(Extracted data entries)
────────

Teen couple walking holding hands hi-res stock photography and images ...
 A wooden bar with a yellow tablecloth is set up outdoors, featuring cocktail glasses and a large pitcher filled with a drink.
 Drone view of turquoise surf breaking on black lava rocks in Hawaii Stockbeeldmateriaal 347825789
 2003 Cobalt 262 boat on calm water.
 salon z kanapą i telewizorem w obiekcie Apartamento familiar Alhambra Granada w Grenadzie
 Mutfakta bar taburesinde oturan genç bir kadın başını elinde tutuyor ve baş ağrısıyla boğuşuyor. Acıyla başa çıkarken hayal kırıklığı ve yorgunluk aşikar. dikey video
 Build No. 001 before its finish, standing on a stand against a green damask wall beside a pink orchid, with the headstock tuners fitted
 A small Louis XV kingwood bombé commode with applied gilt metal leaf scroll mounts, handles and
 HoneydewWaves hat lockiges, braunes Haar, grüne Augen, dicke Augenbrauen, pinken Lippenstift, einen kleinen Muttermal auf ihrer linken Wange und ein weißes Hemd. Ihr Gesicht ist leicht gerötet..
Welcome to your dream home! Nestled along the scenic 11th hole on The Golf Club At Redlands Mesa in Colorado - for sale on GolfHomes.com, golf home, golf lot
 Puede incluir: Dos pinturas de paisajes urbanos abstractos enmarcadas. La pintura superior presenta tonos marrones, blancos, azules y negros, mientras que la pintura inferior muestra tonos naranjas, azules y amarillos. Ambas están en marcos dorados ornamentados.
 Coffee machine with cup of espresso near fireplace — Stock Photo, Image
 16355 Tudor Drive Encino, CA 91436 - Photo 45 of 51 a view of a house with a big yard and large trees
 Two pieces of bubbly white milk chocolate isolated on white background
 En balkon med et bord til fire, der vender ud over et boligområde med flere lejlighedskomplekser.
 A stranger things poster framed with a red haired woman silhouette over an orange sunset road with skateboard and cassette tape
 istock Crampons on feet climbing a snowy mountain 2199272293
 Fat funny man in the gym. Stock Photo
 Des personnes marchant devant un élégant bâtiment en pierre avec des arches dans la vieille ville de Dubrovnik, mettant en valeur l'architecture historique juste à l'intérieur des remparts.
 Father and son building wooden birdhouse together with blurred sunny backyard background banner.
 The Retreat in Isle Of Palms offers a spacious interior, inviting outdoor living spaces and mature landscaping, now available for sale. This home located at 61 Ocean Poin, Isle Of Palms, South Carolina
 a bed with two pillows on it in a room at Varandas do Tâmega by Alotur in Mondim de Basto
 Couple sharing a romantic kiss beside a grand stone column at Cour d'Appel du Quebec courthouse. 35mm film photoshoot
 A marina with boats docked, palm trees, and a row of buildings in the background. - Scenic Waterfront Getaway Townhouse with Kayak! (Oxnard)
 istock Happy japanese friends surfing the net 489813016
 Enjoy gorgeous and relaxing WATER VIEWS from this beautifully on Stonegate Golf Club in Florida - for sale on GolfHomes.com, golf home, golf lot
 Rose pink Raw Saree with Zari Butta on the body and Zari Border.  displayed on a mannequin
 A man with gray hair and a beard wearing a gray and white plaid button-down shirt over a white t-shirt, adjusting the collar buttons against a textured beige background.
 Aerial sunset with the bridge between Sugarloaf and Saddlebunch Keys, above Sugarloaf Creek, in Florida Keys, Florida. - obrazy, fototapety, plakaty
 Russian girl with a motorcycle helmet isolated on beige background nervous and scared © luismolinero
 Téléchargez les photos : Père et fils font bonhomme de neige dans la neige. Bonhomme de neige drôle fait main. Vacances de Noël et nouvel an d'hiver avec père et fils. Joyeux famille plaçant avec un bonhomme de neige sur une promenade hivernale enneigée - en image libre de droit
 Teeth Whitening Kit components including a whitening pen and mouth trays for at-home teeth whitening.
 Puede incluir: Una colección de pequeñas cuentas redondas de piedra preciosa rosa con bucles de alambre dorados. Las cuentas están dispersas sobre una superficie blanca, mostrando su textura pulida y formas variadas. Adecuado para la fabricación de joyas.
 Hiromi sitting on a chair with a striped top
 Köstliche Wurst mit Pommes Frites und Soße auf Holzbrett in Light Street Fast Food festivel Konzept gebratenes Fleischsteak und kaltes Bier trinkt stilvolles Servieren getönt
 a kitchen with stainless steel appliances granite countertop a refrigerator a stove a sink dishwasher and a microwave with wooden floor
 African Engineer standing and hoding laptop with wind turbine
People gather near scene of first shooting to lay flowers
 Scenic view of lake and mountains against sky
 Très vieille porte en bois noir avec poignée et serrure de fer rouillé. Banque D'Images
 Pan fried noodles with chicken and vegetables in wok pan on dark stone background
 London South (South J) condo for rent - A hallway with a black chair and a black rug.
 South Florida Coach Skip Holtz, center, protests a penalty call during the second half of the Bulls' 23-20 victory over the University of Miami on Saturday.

────────

§ **Assignment**
Above are the entries. Quote exactly the lines from the one bearing "Rose pink Raw" through the one bearing "Russian girl with".

§ **Response**
 Rose pink Raw Saree with Zari Butta on the body and Zari Border.  displayed on a mannequin
 A man with gray hair and a beard wearing a gray and white plaid button-down shirt over a white t-shirt, adjusting the collar buttons against a textured beige background.
 Aerial sunset with the bridge between Sugarloaf and Saddlebunch Keys, above Sugarloaf Creek, in Florida Keys, Florida. - obrazy, fototapety, plakaty
 Russian girl with a motorcycle helmet isolated on beige background nervous and scared © luismolinero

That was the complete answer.